Quilatador de la Plata, Oro, y Piedras. Juan de ARFE Y. VILLAFANE.
Quilatador de la Plata, Oro, y Piedras.
Quilatador de la Plata, Oro, y Piedras.

Gold, Silver, & Gems

Quilatador de la Plata, Oro, y Piedras.

Large woodcut device on title with arms, surmounted by papal & royal crowns and numerous woodcuts & woodcut initials in the text. Printed tables in the text. 4 p.l., 71 leaves, one leaf. Small 4to, fine 19th-cent. Jansenist binding of crushed red morocco by Thibaron-Echaubard (as usual, washed), dentelles gilt, a.e.g.

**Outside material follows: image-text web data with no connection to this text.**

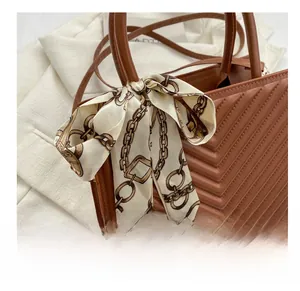 Close-up of brown quilted leather crossbody bag featuring a silk scarf on the handle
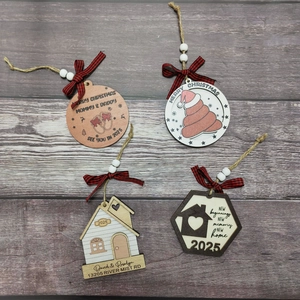 Custom wood Christmas house ornaments with plaid bows on dark wood background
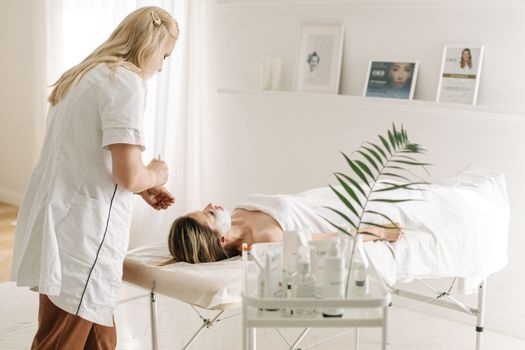 Calming mask being placed on a woman's face after a skin treatment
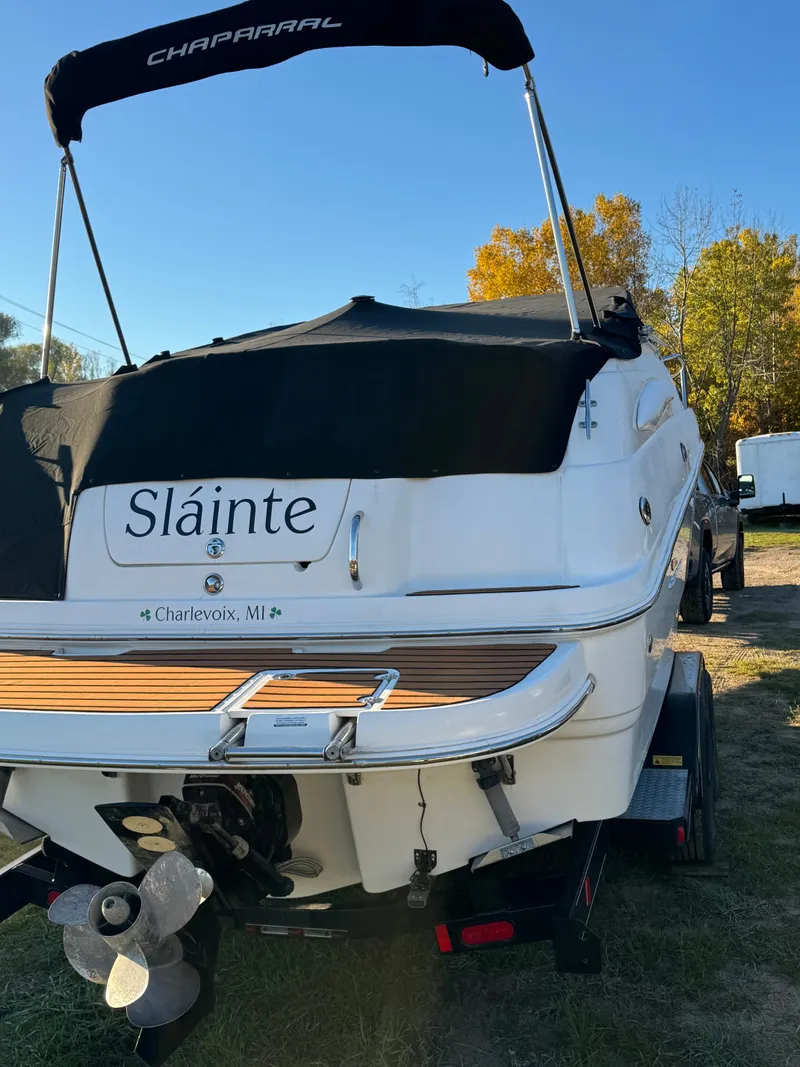Slide: The Image of The image shows a 2004 Chaparral Signature 240 boat named "Sláinte." - 20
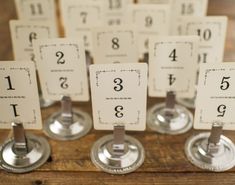 there are many place cards on the table for each person to put in their place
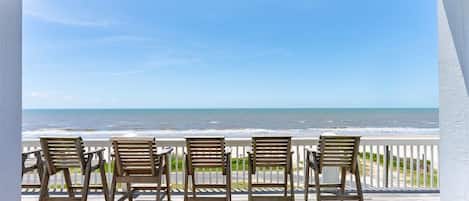 Una terraza de madera con cuatro sillas frente a una vista de la playa.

Valladolid: A. & D. Fernandez de Cordova, 1572.

First edition and very scarce. Arfe (1535-95), studied anatomy at Salamanca and became a celebrated artisan in precious metals. Trained as a goldsmith by his father, he was a leading figure of the Spanish artistic style known as “Plateresque,” which was based on elaborate gold and silver designs.

“Early, much respected treatise written for the edification of apprentices, goldsmiths, and jewelers as well as those interested in precious metals and cut gems generally. The first two books describe methods of assaying, purifying, and alloying silver and gold, with several quaint woodcuts of a balance, weights, receptacles, smelting furnace, etc. The ratios of precious to base metals are carefully tabulated and explained, also the marks that must be used to signify purity, the use of the touchstone and alloy points, and other information deemed essential to the successful and legal use of the precious metals…

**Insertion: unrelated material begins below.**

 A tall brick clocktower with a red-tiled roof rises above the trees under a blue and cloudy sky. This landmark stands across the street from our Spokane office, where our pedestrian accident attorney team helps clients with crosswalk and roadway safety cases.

“For the gemologist, however, it is the last book that is of great importance because it contains some of the earliest reliable, detailed information on weighing, sizing, and valuing precious gems. Treated: diamond, ruby, emerald, spinel, balas (spinel), sapphire, emerald of Brazil (probably green tourmaline), topaz, jacinth (zircon), amethyst (sapphire in part), chrysolite, sardonyx, garnet, rock crystal, pearl, turquoise, agate, coral, ‘comerina,’ bezoar, ‘litropia,’ prase, amber, niccolo agate, jasper, and chalcedony. All are described and some discussed in terms of sources, types, and magical and medicinal virtues. More important, however, most of the gems are compared in terms of value and to other standard gemstones of top rank. An excellent feature is the insertion in the text of numerous small cuts of faceted gems of specified sizes so that visual estimates of weight can be made. Numerous tables give gemstones, weights in ‘quilates,’ and values in Spanish reales. It is this book that Lenzen, Qualitätsmerkmale des Diamanten, 1966 claims as the first printed appearance of the ‘square of the weight’ rule for pricing cut diamonds. This rule was later repeated by Tavernier in his Travels (which see), and probably due to the scarcity of the present work and the wide publicity given to Tavernier’s book, it came to be called the ‘Tavernier rule.’ Under pearl, in which is depicted a diameter gauge, a similar pricing rule is observed. Very rare.”–Sinkankas 215.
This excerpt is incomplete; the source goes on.